Where an entry below contains an image, skip the image and reproduce the rest exactly.

(Image-caption web data)
• • • • •

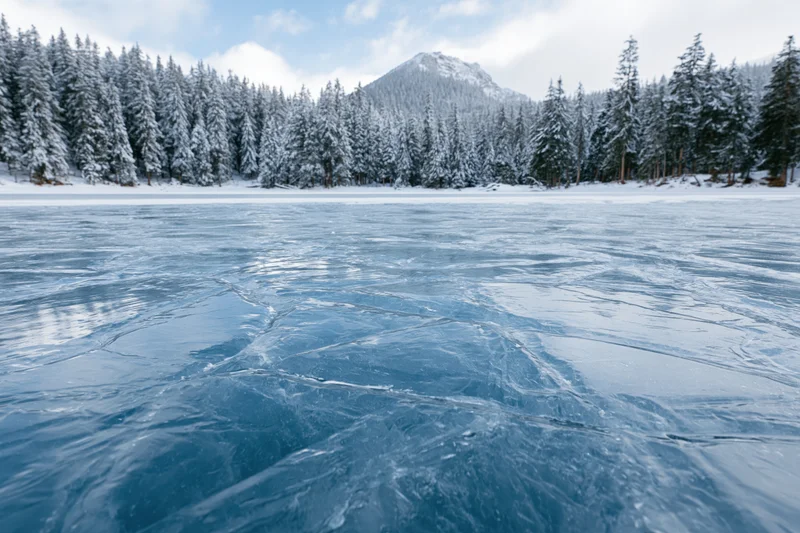 Cracked blue ice covering a frozen alpine lake surrounded by snow-covered pine trees and a distant mountain under a partly cloudy sky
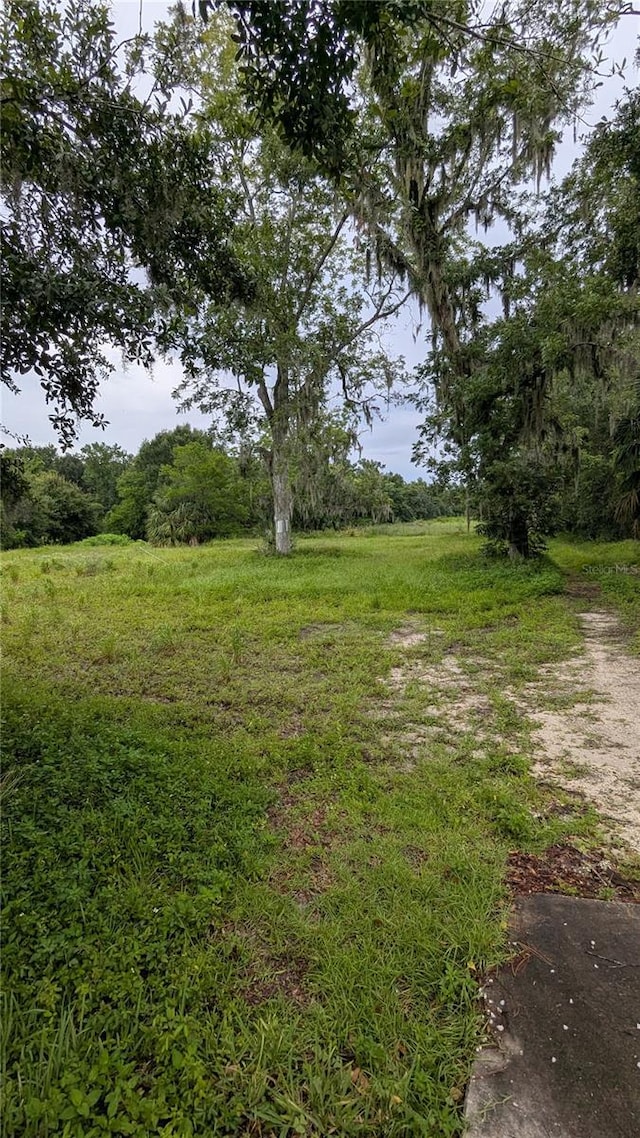 1825 Providence Rd, Lakeland, FL 33805 - photo 4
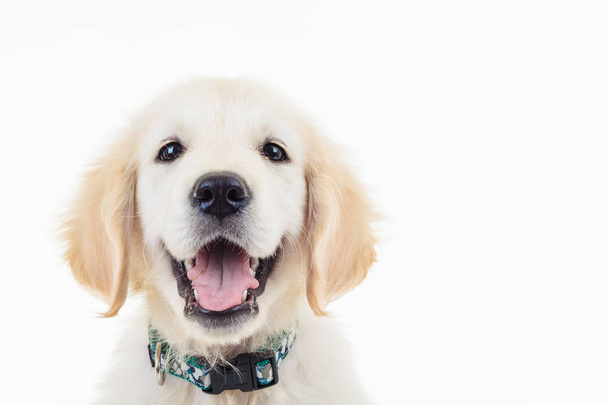mutlu nefes nefese golden labrador retriever köpek yavrusu - Fotoğraf, Görsel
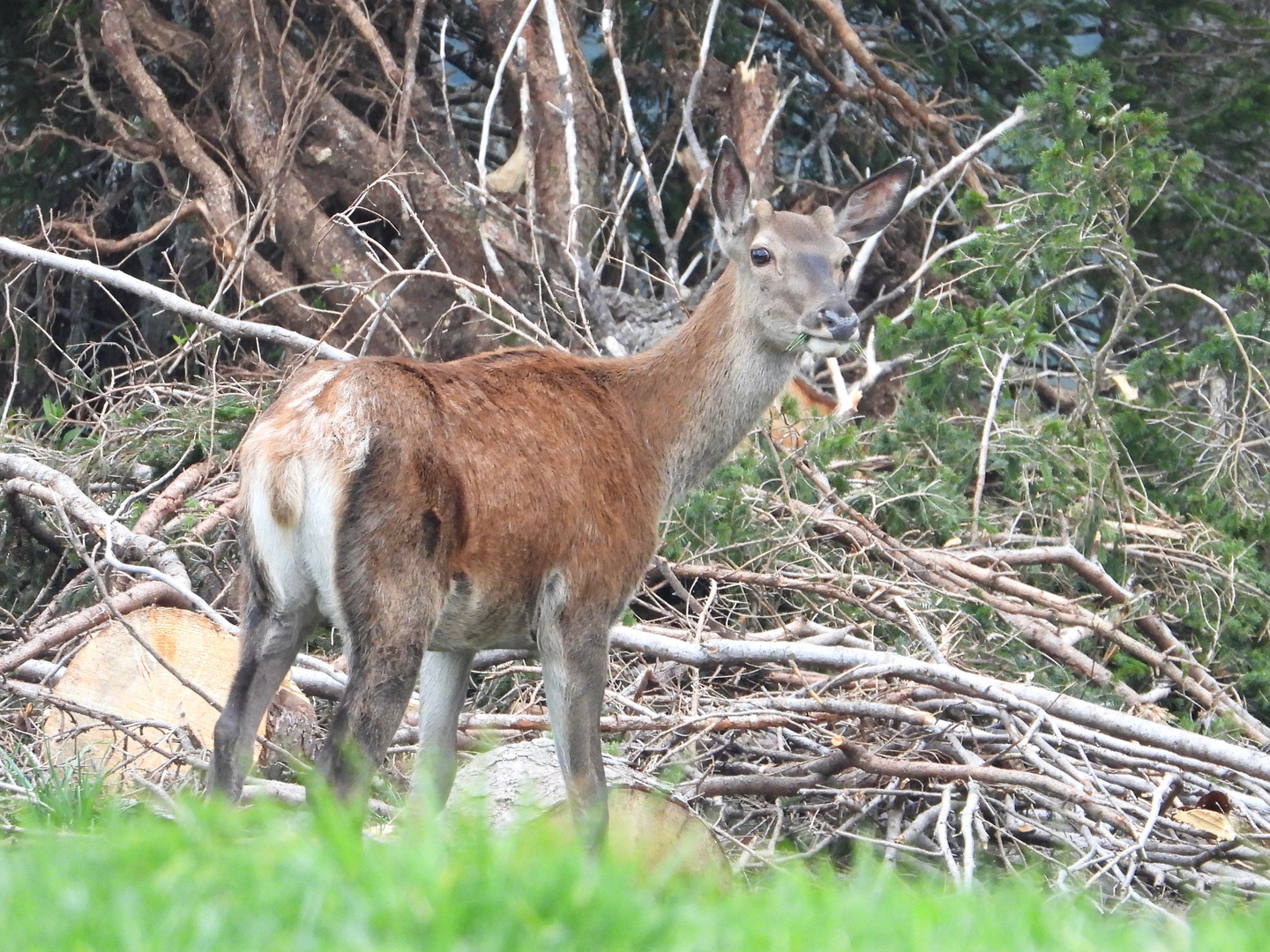 Cervo fusone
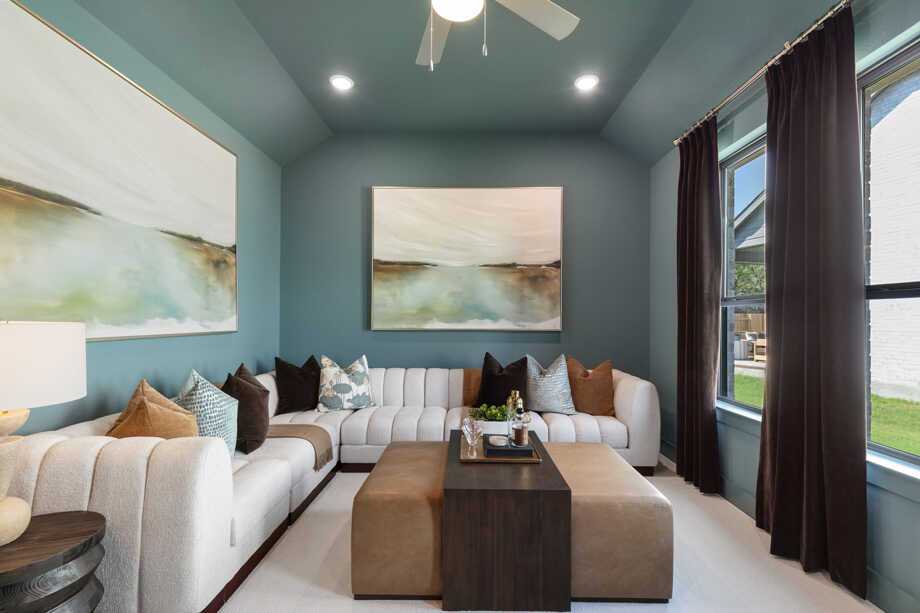 Entertainment Room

• • • • •

## Written solution
 Cracked blue ice covering a frozen alpine lake surrounded by snow-covered pine trees and a distant mountain under a partly cloudy sky
 1825 Providence Rd, Lakeland, FL 33805 - photo 4
mutlu nefes nefese golden labrador retriever köpek yavrusu - Fotoğraf, Görsel
 Cervo fusone
 Entertainment Room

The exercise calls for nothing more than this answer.